The Automation Equation
Power tools take center stage for speed and efficiency.

By Pete Mitchell, 
Contributing Editor, Pharma DD


Over the past ten years, automation of drug discovery has been synonymous with handling ever larger compound libraries and ever bigger sample arrays. This is linked with smaller and smaller assay volumes, more accurate liquid dispensing and more sensitive detectors to measure the ever-decreasing signal levels.

Miniaturizing automated assays has several advantages, particularly the opportunity for parallel sample processing to speed up throughput of screen nucleic acids, proteins, whole cells, or candidate compounds. And as a “free lunch,” this means only very small volumes are needed of the highly expensive enzymes, reagents, nucleic acids, cell lines and so on.

As we shall see, there is some doubt about whether massive parallelization of testing is really the key force driving automation today. But it’s still true that a technology principally developed for large-format assays — namely microfluidic dispensing — is regarded as the key for miniaturizing of automated assays in drug discovery.

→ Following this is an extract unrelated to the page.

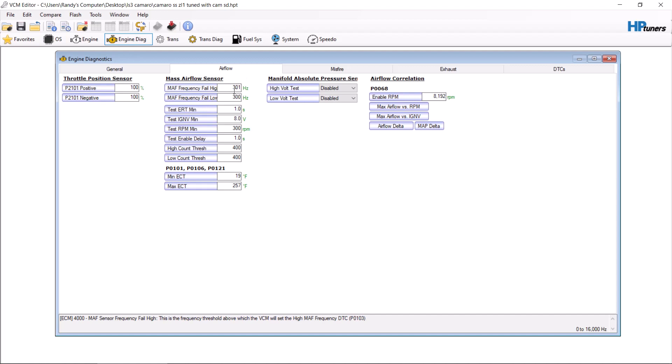This is a Camaro with a ZL1 supercharger with a splitter that splits the mass from the IAT, so I have the mass airflow unplugged just in case because I do have an IAT sensor that's still plugged in.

“The single most important piece of automation we have installed in the last year is an integrated nanoliter dispensing system,” says Alex Szewczak, research fellow at Merck’s automated lead optimization department at the company’s Boston, Mass., research laboratories. “All our assays rely on it to dilute and dispense compounds.”

Dispensing Alternatives
For dispensing of bulk reagents in volumes above 50-100nl to the microlitre level, the industry has standardized on conventional microsolenoid-driven valves as “good enough” technology. But below that, in the tens of nanolitres region, three main types of dispensing are used: namely pin tools, piezo tip, and acoustic (ultrasonic). Each has its strengths and weaknesses, says Jason Johnson of automation firm Beckman Coulter which in September bought out the instrumentation product line of microfluidics pioneer Aurora Discovery.
The main pin tool company is V&P Scientific, which supplies the technology to several instrument companies. The technology is simple: “Just by dipping a solid pin into a liquid and removing it, you get a very uniform, precisely sized droplet of liquid that hangs on the tip of the pin,” says V&P’s CEO Patrick Cleveland. It can produce droplets of 2nl to 5[mu] to assay plates with an accuracy better than 5 per cent.

Pin tool technology has the advantage of higher spatial definition, says Johnson. It also allows you to do grid reformatting of your assay format. “On the downside it can suffer from cross-contamination and carryover, though those issues can be mitigated to some extent by correct wash protocols.”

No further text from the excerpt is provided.